The Bank of England Thursday raised its benchmark interest rates by 50 basis points to 1.75 percent, marking the largest interest rate hike since the central bank gained independence in 1997.
“Inflationary pressures in the United Kingdom and the rest of Europe have intensified significantly since the May Monetary Policy Report and the MPC’s previous meeting,” the BoE said in a statement.
The move comes as central banks worldwide step up their efforts to tame inflation. The European Central Bank last month raised interest rates by 50 basis points, larger than initially flagged, while the Federal Reserve opted for a 75-basis-point move.
The BoE’s six consecutive hike comes after the U.K.’s annual inflation rate hit a 40-year high of 9.4 percent in June — and is expected to rise further over the months ahead.
The Monetary Policy Committee voted by a majority of 8-1 to increase Bank Rate by 0.5 percentage points. One member preferred to increase Bank Rate by 0.25 percentage points, to 1.5 percent.
Policymakers also outlined a program of bond sales that may start after the September policy meeting and could see the central bank start off with sales of around £10 billion per quarter.

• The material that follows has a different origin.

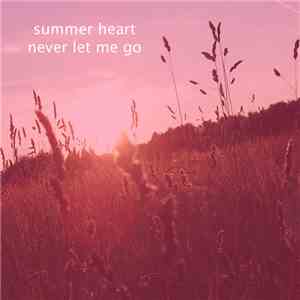 Summer Heart - Never Let Me Go download flac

Looking ahead, the Bank will “take the actions necessary to return inflation to the 2 [percent] target sustainably in the medium term,” it said, adding that policy is not on a pre-set path.
“The scale, pace and timing of any further changes in Bank Rate will reflect the Committee’s assessment of the economic outlook and inflationary pressures,” it noted. “The Committee will be particularly alert to indications of more persistent inflationary pressures, and will if necessary act forcefully in response.”